*** Records for the task Section Begins ***

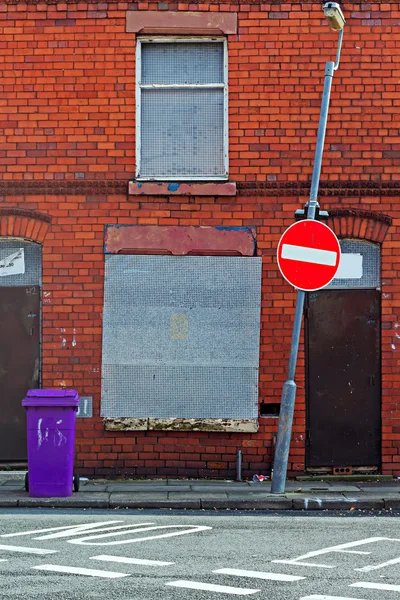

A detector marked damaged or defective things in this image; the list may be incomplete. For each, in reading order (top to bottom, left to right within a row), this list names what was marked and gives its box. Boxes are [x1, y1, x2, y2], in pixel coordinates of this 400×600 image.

rusty metal panel [104, 224, 255, 254]
rusty metal panel [0, 286, 40, 460]
rusty metal panel [101, 255, 260, 420]
rusty metal panel [306, 290, 382, 468]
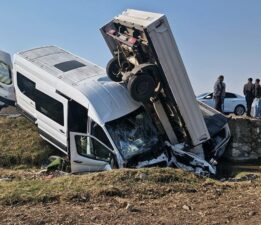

*** Records for the task Section Ends ***

▶ _What the exercise asks_:
Before copying, set the pictures aside; then give the records again exactly.

▶ _Reply_:
A detector marked damaged or defective things in this image; the list may be incomplete. For each, in reading order (top to bottom, left to right within a row), this list names what was marked and gives its box. Boxes are [x1, y1, x2, y2], in pixel coordinates of this 400×600 image.

rusty metal panel [104, 224, 255, 254]
rusty metal panel [0, 286, 40, 460]
rusty metal panel [101, 255, 260, 420]
rusty metal panel [306, 290, 382, 468]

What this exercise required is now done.